Beyond system mapping. Meta Causal Loop Diagrams
Beyond system mapping. Meta Causal Loop Diagrams
Causal loop diagrams (CLDs) are incredible tools for making sense of complex problems. They use two types of relationships (direct or inverse) to show how an increase or decrease in the value of one variable (a synthesised description of an action) affects other variables, creating a logical cause-effect explanation. The trick here is to formulate a qualitative description of the phenomena we observe into a quantitative form to be able to explore the dynamics of this relationship. When a chain of relationships reconnects to the first variable in the chain, it creates a feedback loop. Feedback loops can explain the system’s behaviour and this is when the map comes alive.
This is not only my main working tool, but it is also my way of looking at and understanding complexity. Over the years of using it daily, I proved to myself that there is no better way to diagnose, design strategies and intervene in complex situations; until two years ago.

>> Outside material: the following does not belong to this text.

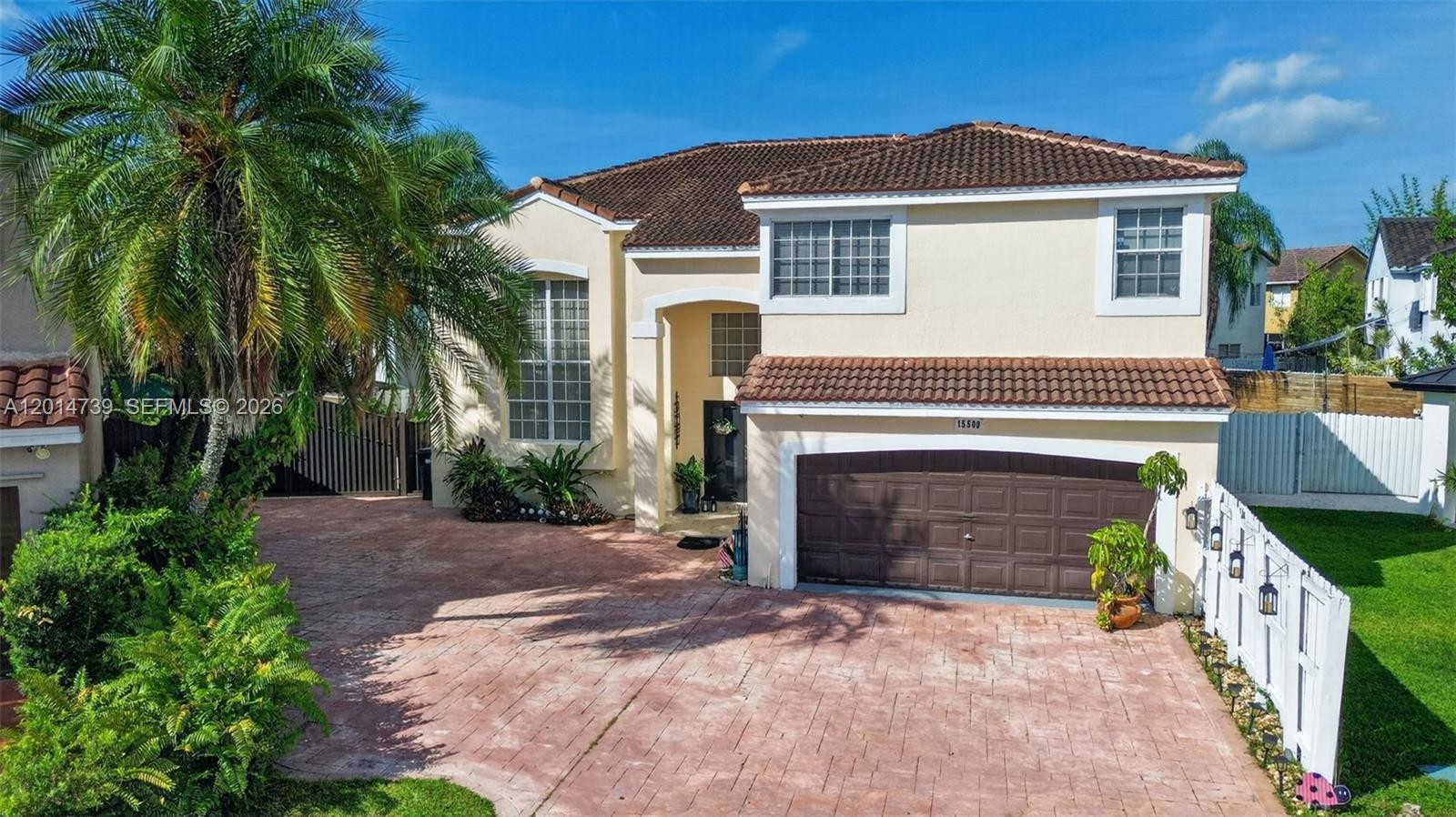 15500 Southwest 99th Lane Miami, FL 33196 - Photo 2 of 72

Causal loop diagram limitations
As I mentioned before, the nature of the relationship between causes and effects conditions the way we describe the situation we observe. This imposes some challenging limitations.
Describing complexity as if it was a see-saw going up and down captures only one out of the multiple elements involved in a complex problem. Using just direct or inverse relationships prevents us from understanding the social network around the situation, how people relate to the problem, their incentives, and the power dynamics that emerge from these interactions.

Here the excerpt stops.